§ Available records

-.-.-

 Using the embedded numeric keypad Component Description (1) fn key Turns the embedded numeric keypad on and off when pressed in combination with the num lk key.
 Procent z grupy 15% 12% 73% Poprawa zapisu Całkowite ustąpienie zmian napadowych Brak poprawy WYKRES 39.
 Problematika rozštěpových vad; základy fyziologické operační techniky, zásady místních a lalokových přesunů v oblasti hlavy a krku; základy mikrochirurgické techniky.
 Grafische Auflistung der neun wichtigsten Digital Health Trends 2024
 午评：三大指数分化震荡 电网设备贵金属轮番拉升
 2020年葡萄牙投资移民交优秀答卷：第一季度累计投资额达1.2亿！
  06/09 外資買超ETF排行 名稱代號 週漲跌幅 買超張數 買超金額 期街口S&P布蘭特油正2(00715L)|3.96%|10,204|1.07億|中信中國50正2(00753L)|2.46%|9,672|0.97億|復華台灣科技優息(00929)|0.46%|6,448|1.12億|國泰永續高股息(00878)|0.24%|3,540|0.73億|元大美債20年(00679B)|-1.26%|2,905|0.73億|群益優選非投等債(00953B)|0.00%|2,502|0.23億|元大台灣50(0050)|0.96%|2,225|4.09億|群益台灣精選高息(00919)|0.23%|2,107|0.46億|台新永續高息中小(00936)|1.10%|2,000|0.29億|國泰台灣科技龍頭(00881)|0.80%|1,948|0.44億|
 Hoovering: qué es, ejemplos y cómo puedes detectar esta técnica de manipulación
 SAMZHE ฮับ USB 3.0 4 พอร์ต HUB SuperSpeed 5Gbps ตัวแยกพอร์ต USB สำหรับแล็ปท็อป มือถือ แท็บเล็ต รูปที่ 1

-.-.-

§ What you need to do
Write out the material above exactly, please, from its first line up to and including the line where "06/09 外資買超ETF排行 名稱代號" appears, and stop there.

§ Reply
 Using the embedded numeric keypad Component Description (1) fn key Turns the embedded numeric keypad on and off when pressed in combination with the num lk key.
 Procent z grupy 15% 12% 73% Poprawa zapisu Całkowite ustąpienie zmian napadowych Brak poprawy WYKRES 39.
 Problematika rozštěpových vad; základy fyziologické operační techniky, zásady místních a lalokových přesunů v oblasti hlavy a krku; základy mikrochirurgické techniky.
 Grafische Auflistung der neun wichtigsten Digital Health Trends 2024
 午评：三大指数分化震荡 电网设备贵金属轮番拉升
 2020年葡萄牙投资移民交优秀答卷：第一季度累计投资额达1.2亿！
  06/09 外資買超ETF排行 名稱代號 週漲跌幅 買超張數 買超金額 期街口S&P布蘭特油正2(00715L)|3.96%|10,204|1.07億|中信中國50正2(00753L)|2.46%|9,672|0.97億|復華台灣科技優息(00929)|0.46%|6,448|1.12億|國泰永續高股息(00878)|0.24%|3,540|0.73億|元大美債20年(00679B)|-1.26%|2,905|0.73億|群益優選非投等債(00953B)|0.00%|2,502|0.23億|元大台灣50(0050)|0.96%|2,225|4.09億|群益台灣精選高息(00919)|0.23%|2,107|0.46億|台新永續高息中小(00936)|1.10%|2,000|0.29億|國泰台灣科技龍頭(00881)|0.80%|1,948|0.44億|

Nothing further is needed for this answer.